NecronomiCon has come and gone, and I must say it turned out fairly well. As with any first time convention, there were a few bugs to work out (such as missing name tags, and programming that felt a bit too spread out) but overall none of these issues proved too disruptive. For the most part the convention offered me what I most wanted — a chance to catch up with some old friends and some new.
Above is a photograph from the panel I was invited to participate on, sitting alongside my good friend, Richard Gavin, and Jonathan Thomas. Also on the panel with me were Lois Gretch, and Daniel Mills. The panel’s edict was to discuss modern mythos fiction, though I fear we centred more on the generic “weird”. At times, the discussion was a bit heated, but I think that helped keep the conversation interesting to those watching. Nothing worse than a dull panel where everyone agrees with each other.
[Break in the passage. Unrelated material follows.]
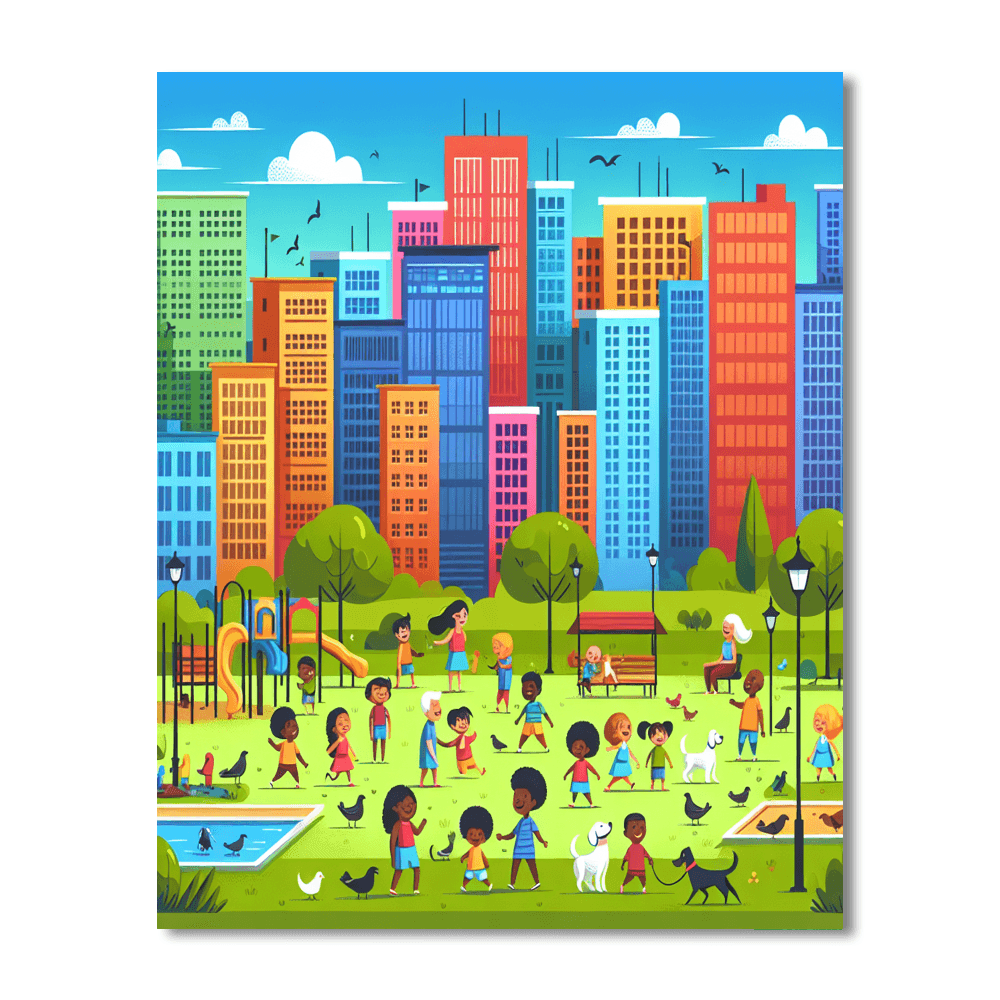 Charming City Life Number Painting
Though evening activities were planned by the organizers, I instead spent mine in the company of friends I don’t see nearly enough, namely John Langan, Laird Barron, Paul Trembly, Jack Haringa, and Michael Cisco.
This convention also gave me the chance to meet a lot of people I’ve known before strictly from online life. Technology has allowed us all to make these connections, but in many ways they don’t seem substantial until an opportunity presents itself for an in-the-flesh meeting. Thus, I was able to solidify my connections with some truly lovely people such as Joseph Pulver, Scott Nicolay, Nick Gucker, Shawn Bagley, Selena Chambers, Justin Steele, Mike Griffin, and Tom Lynch.
NecronomiCon was a convention a long time in the making, and the organizers did a fantastic job bringing people together for it. There are rumours of a sequel in 2015, and if so I imagine that event will be a must for everyone interested in the Lovecrafian weird. Me, I’m still trying to recover.